The present invention relates to a method of printing a substrate using an inkjet printer, which printer includes a holder which rotatably receives a roll on which the substrate is wound, a downstream print zone and an inkjet printhead for printing the substrate in the print zone, a transport means for engaging and transporting the substrate to the print zone as the substrate is unwound from the roll, and a guide element which is situated downstream of the roll in front of the transport means to guide the substrate from the roll to the transport means. The printing method includes the steps of transporting the substrate over a predetermined distance with control of the transport means, during which transport the guide element is moved from a first position occupied by said guide element prior to the transport, to a second position such that the distance over which the substrate extends between the roll and the transport means is smaller as a result of the movement and after the substrate has been transported over the predetermined distance; printing a strip of the substrate with control of the inkjet printhead, and, after printing of the strip, the re-transport of the substrate over the predetermined distance during which the guide element is moved, which transport is followed by printing a following strip of the substrate.
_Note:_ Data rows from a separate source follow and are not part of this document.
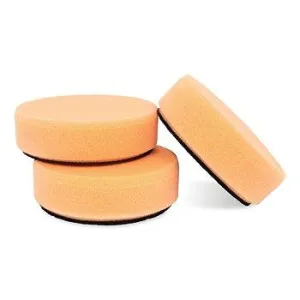 Griot's Garage 3" Orange Pad 3 pack 11241
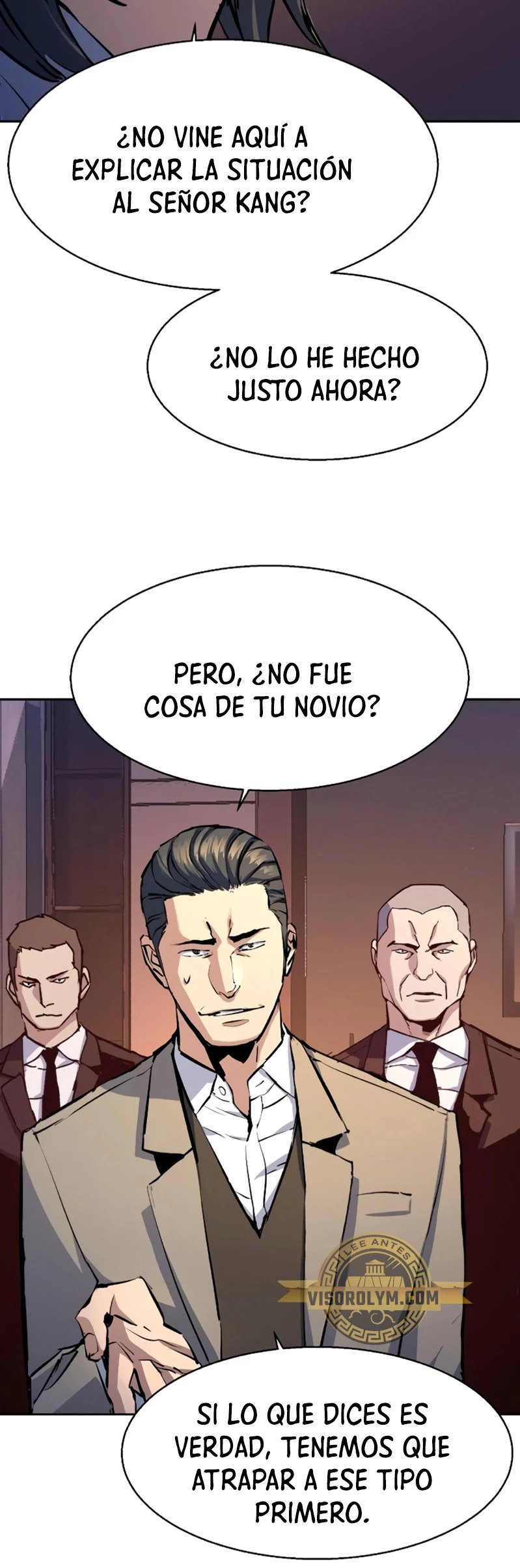 Read Mercenary Enrollment ES Manga Online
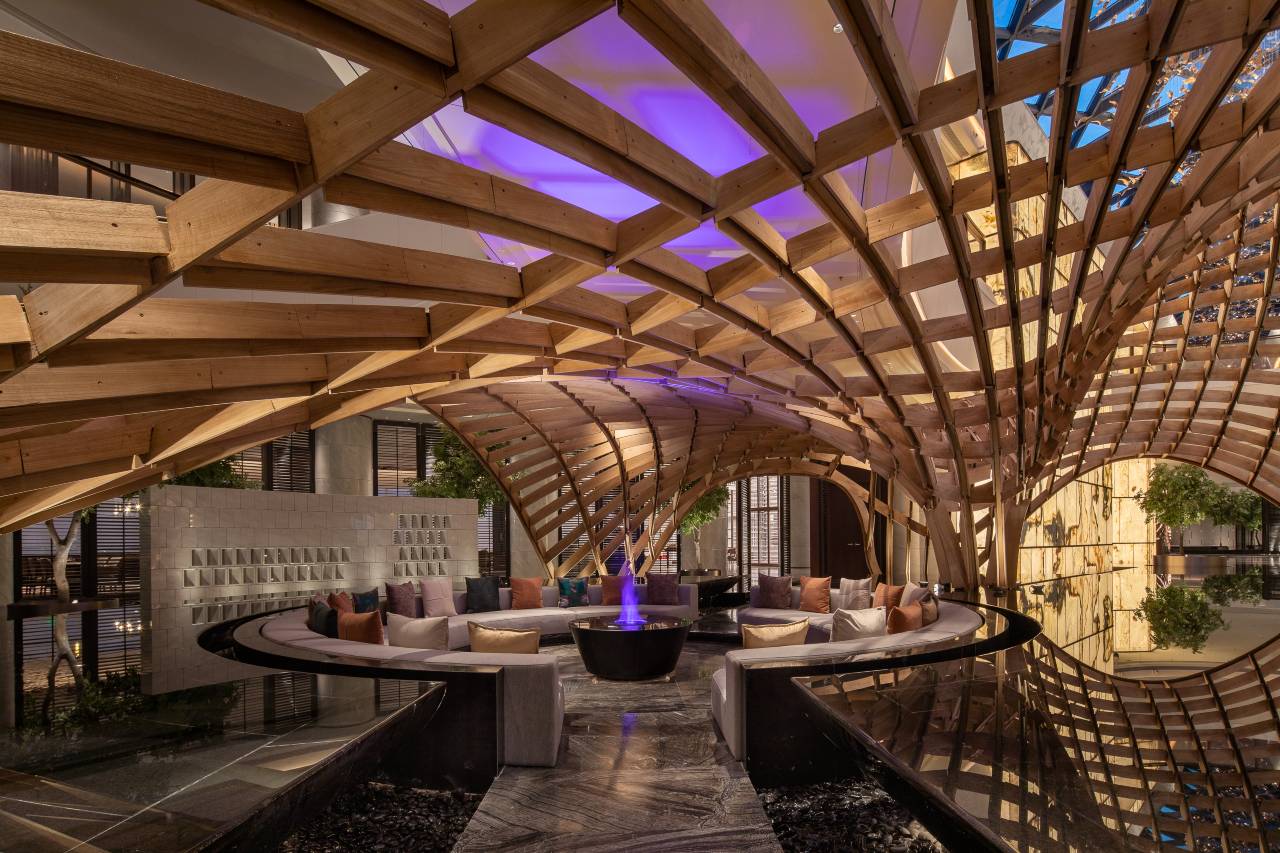 山西潇河新城温德姆至尊酒店(潇河国际会议会展中心店)图片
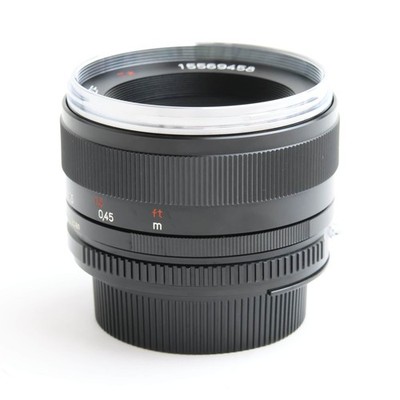 京セラ Carl Zeiss Planar T* 50mm F1.4 (MM) 京セラ Carl Zeiss Planar T*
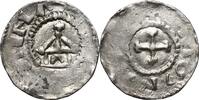 GERMANY (SWABIA) DENAR Otto III, Strasbourg -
The present method is used inter alia to prevent damage to the substrate during its transport. The transport means, which is frequently a transport nip which engages the substrate at a number of places distributed over the width of the substrate, has a lower mass inertia than the roll on which the substrate is wound, at least when there is a specific minimum amount of substrate present on the roll. The transport of the substrate and its simultaneous unwinding from the roll can, in this case take place at an adequate speed if the transport means is, for example, driven by a very powerful motor, both the transport means and the roll being accelerated. The result of using such a powerful motor is that considerable forces are exerted on the substrate, with the risk that the substrate will tear. In addition, a powerful motor of this kind has the disadvantage that it is less suitable for very accurate control. In inkjet printers in particular, accurate control of the transport means is very important, because printing often takes place by printing the substrate in a number of swaths, and in each swath, part of the substrate is printed, often a strip of the same width as the inkjet printhead. All the sub-images together form the image for printing. For accurate juxtaposition of the sub-images, accurate transport of the substrate is desirable.
It has been determined to provide the transport means with a low-power driving motor and to dispose a movable guide element between the roll and the transport means. By moving this element, it is possible to reduce the distance over which the substrate extends between the roll and the transport means. This prevents any sudden increase in substrate tension. The motor that drives the transport means consequently does not have to move the entire roll each time. It is thus possible to use a relatively low power drive for the transport means, it being a relatively simple matter to make such drive accurate. In this method, the roll can be driven separately with a powerful but less accurate motor.
A disadvantage of this method is that for the accurate transport of the substrate by the transport means there is required not only an accurate drive but also a very accurate transport means and guide element. The mechanical tolerances such as roundness, straightness, mutual parallelism, etc., are subject to stringent requirements in order that the transport may take place with the required accuracy. In addition, even with very close tolerances, there are still a relatively large number of irregularly recurring juxtaposition faults between the sub-images. These juxtaposition faults are indications of random faults in the substrate transport.